Der Blick in die Geschäfte in Tiengens Innenstadt, die nach den gesetzlichen Vorgaben noch geöffnet haben dürfen – dazu gehören Drogerien, Apotheken und Lebensmittelgeschäfte – ist ebenfalls ernüchternd: Keine oder nur wenige Kunden sind zu sehen. Geschäfte, die auch online unterwegs sind, haben in Corona-Zeiten einen Vorteil.

Dazu gehört „Der Weinladen“ in der Fußgängerzone. „Wir versuchen, jeden Euro zu machen, der möglich ist und überlegen, was wir zeitnah übers Internet umsetzen können“, sagt Alex Wagner. So wurde die Idee für eine kommende Livestream-Weinprobe über YouTube geboren. Mehr als 20 Menschen haben sich nach Aussage Wagners bereits angemeldet und die hierfür benötigten Weine bestellt.

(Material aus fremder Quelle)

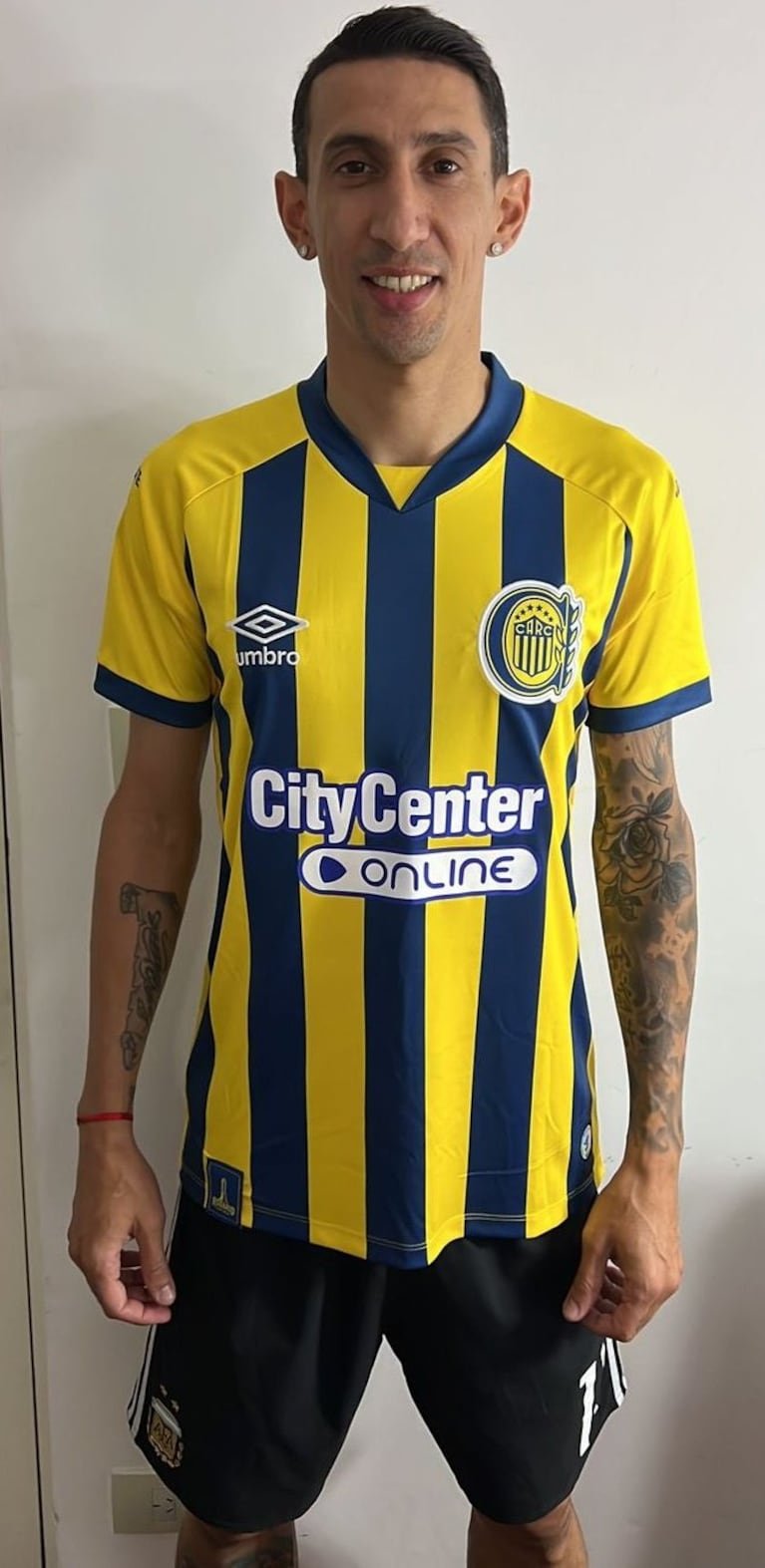 Imagen relacionada con La camiseta de Di María en Rosario Central genera gran expectativa entre los aficionados del fútbol.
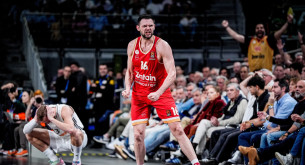 Ο Κώστας Παπανικολάου «έγραψε» ιστορία με μοναδικό ρεκόρ συμμετοχών στον Ολυμπιακό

Für alle Online- oder telefonischen Bestellungen hat „Der Weinladen“ einen firmeneigenen Zustellservice. „Wer da wo es möglich ist, telefonisch oder per E-Mail bestellt, unterstützt regionale Händler“, so Alex Wagner. Zu den Geschäften, die schließen mussten und zudem noch kurzlebige Waren verkaufen, gehört das Blumengeschäft „Pusteblume“. Die noch vorhanden Blumen stehen jetzt als „Blumen to go“ vor dem Geschäft. „Bitte ehrlich sein, nur bezahlte Blumen bringen Freude“ steht auf dem Plakat neben der Gelddose.